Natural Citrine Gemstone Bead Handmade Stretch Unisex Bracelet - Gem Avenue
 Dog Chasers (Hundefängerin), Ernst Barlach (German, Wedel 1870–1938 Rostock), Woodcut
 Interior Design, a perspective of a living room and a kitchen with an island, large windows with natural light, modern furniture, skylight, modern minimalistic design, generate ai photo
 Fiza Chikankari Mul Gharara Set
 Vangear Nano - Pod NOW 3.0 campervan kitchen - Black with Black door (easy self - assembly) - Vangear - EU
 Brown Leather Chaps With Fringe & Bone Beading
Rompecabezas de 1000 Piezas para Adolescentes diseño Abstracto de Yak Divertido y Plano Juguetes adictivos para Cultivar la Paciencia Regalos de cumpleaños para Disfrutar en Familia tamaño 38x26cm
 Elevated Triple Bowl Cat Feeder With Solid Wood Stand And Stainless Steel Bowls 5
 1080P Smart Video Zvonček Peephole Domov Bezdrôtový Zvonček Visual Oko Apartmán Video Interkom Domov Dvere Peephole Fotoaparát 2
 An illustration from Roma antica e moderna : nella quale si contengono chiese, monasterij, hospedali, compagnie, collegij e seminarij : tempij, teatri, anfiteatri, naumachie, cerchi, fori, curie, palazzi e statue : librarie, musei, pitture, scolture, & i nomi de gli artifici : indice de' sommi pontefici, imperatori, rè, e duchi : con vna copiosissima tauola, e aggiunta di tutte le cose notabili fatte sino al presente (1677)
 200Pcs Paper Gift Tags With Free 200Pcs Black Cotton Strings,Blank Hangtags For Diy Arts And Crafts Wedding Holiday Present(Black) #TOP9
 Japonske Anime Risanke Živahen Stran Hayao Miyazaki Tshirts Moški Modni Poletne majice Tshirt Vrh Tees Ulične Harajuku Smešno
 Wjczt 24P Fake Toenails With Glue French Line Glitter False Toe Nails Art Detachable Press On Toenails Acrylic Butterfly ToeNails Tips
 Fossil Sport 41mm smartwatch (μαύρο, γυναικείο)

Task to complete:
Taking the records above, retype every line from the one with "200Pcs Paper Gift" down to the one with "Japonske Anime Risanke", exactly and with nothing else.

Solution for this task:
 200Pcs Paper Gift Tags With Free 200Pcs Black Cotton Strings,Blank Hangtags For Diy Arts And Crafts Wedding Holiday Present(Black) #TOP9
 Japonske Anime Risanke Živahen Stran Hayao Miyazaki Tshirts Moški Modni Poletne majice Tshirt Vrh Tees Ulične Harajuku Smešno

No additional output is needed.